***** Listed records *****

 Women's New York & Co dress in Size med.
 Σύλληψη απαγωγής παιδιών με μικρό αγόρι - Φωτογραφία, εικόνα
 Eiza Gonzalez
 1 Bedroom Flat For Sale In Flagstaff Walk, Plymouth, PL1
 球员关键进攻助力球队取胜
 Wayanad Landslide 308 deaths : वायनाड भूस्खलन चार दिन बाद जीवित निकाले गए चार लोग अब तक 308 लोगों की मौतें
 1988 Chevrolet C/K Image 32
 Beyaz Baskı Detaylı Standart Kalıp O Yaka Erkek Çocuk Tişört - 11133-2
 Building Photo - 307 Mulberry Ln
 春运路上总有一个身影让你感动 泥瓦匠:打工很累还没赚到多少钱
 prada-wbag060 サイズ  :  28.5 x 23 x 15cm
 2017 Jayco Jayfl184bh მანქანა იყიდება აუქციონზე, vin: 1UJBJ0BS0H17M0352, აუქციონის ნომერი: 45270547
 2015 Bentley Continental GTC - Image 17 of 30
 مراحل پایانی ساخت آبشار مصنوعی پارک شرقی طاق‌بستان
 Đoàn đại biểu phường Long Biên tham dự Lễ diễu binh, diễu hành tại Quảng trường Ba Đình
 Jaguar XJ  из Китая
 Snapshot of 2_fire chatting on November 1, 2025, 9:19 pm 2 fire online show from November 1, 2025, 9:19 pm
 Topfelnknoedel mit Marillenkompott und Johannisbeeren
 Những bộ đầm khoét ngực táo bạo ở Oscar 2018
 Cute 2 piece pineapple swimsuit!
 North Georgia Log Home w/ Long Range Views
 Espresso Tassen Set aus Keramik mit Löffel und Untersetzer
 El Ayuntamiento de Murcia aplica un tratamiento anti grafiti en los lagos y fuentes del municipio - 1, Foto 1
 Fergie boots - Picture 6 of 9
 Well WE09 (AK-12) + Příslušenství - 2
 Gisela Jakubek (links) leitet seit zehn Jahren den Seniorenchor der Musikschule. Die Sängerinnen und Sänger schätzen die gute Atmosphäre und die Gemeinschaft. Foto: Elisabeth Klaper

*****

What the task asks: Produce an exact copy of the lines from the one containing "Well WE09 (AK-12) + Příslušenství - 2" through the final line of the data, both ends included, and only those.

Reply:
 Well WE09 (AK-12) + Příslušenství - 2
 Gisela Jakubek (links) leitet seit zehn Jahren den Seniorenchor der Musikschule. Die Sängerinnen und Sänger schätzen die gute Atmosphäre und die Gemeinschaft. Foto: Elisabeth Klaper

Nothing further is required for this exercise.